Reviews

I Want You Back

You are supposed to put your own oxygen mask on first. On a plane, when the masks deploy, please put your own on first regardless of romantic sentiment.  You don’t want to get that one wrong. The reason is simple; while helping someone else, you could run out of oxygen and be of no help to anyone at that point. I Want You Back got this point as wrong as you can get it … which wouldn’t matter except it was material, nay, intrinsic to the romance between Peter (Charlie Day) and Emma (Jenny Slate).  You guys didn’t want to shop that one around a few more times?  No?

I Want You Back seems like the kind of film Alfred Hitchcock might make were he into romcom. The film unlocks a very Strangers on a Train vibe when the two dumpees make a pact to break up the relationships they were abandoned for. Peter was dumped by Anne (Gina Rodriguez), so Emma’s job is to break up Anne and Logan (Manny Jacinto). Emma was dumped by Noah (Scott Eastwood), so Peter’s job is to break up Noah and Ginny (Clark Backo). Simple enough, right? Basically, the dumpees as newfound friends are going to break up the dumpers … in order to get them back.

You see how that’s problematic, right?

Oh, there’s no real end to the problematic in this film, highlighted by a lack of foresight that makes Oedipus Rex look like a comedy.
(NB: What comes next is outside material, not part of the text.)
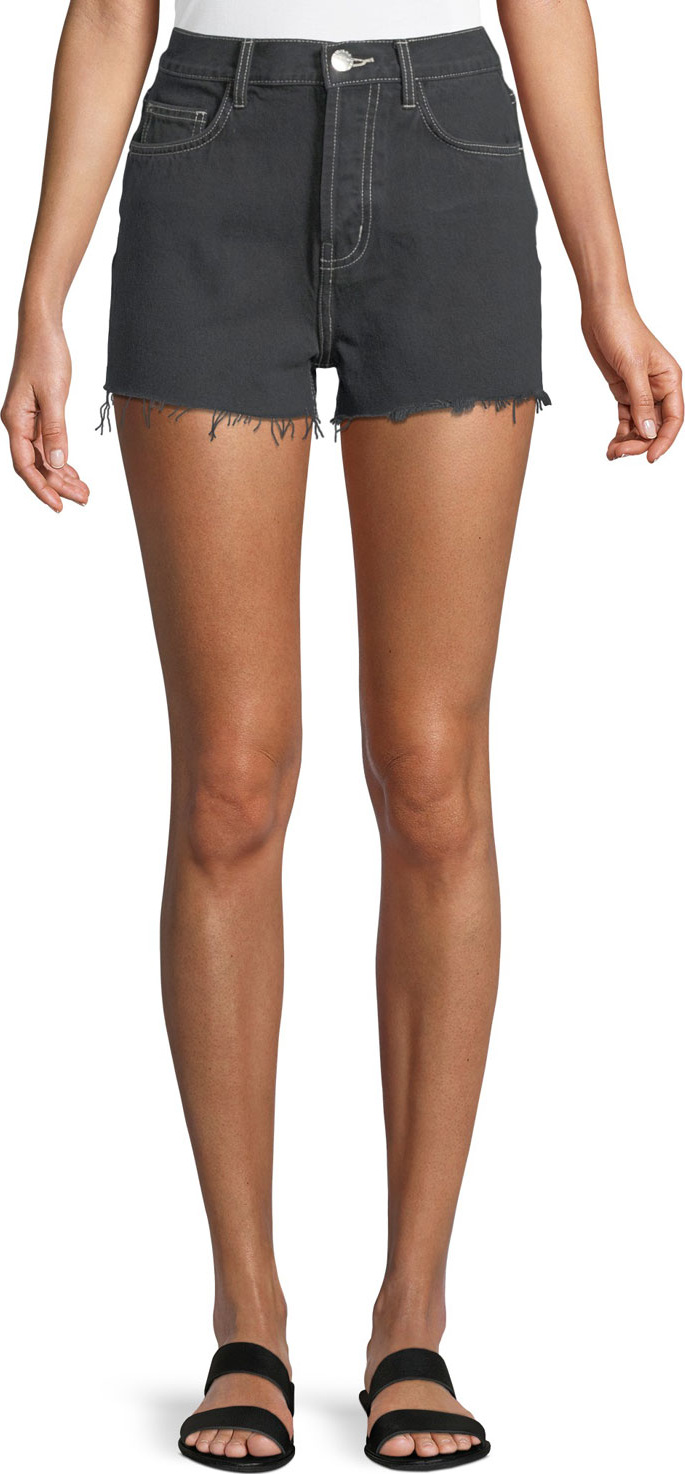 Current/Elliott The Ultra High-Waist Cutoff Shorts with Raw-Edge Hem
Like what happens if you’re successful, huh?  Have you considered this?  Because I don’t think you have: 1) Your new friend breaks up your ex. 2) Your ex sees the light and takes you back. That’s the plan right? Ok, what’s your next move, genius? Happiness, forever? Good luck with that. You kind of have to reinvent your entire life at that point, no? I mean, your significant other can’t ever learn that you plotted to break them up, can they? And your new friend isn’t really your new friend because you were only plotting to undermine them, so you can’t ever see them again, right?  And the original friend you plotted this whole cockamamie labyrinth of deception with? Well, you can’t ever see them again, either, right? “Gee, honey, how did you two meet?” “Funny story…”

OK, sitcom plot issues aside, I Want You Back is a watchable romp. Charlie Day and Jenny Slate both make good exes; I can easily imagine breaking up with either one at any time. Emma is the kind of person who laughs so hard that milk comes out of her nose. Peter is the guy at the end of the bar of whom even the barflies conclude, “eh, no, not tonight.” Both make adorable sad sacks.
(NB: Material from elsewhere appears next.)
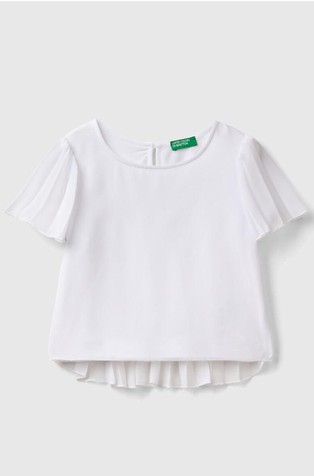 Bluza s plisiranim detaljima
This is the joy of I Want You Back – watching two nutjobs slowly, slowly, slowly realize they’re not right for anybody but themselves. The picture works when Emma and Peter are together. The picture does not when then plotting happens, like when Peter joins a gym to get close to trainer Noah, or when Emma befriends Logan by volunteering for art design on an 8th grade production of “Little Shop of Horrors.” Although the film does indulge a lovely-but-completely-wrong “Suddenly Seymour” contrivance as a result of Emma’s adventure.  If you’re not getting alarm bells about a single childless unaffiliated adult volunteering to be around middle schoolers a lot, well, you’re not paying attention.

I like Charlie Day and Jenny Slate. I wouldn’t date them, but I like them, and I want to see them happy on my screen. But I can’t say this project wins me over. I don’t think the screenwriters put nearly enough consideration into their plot devices. As a result, it feels like the smiles I waited for were far more contrived than organic. I Want You Back isn’t a bad watch, but I wouldn’t watch it a second time for any reason.
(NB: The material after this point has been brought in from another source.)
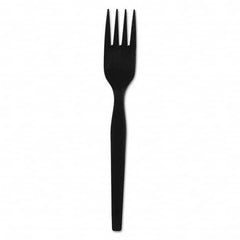 Dixie - SmartStock Plastic Cutlery Refill, Forks, 6", Black, 40/Pack, 24 Packs/CT - A1 Tooling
In an unwitting battle of sexes
Dumpees plot returns to their exes
Sure, that will fly
If we ignore the “why?”
And plot holes the size of Texas

Rated R, 116 Minutes
Director: Jason Orley
Writer: Isaac Aptaker, Elizabeth Berger
Genre: Love is Hell
Type of being most likely to enjoy this film: Have you ever been dumped?
Type of being least likely to enjoy this film: Have you ever had a crazy ex?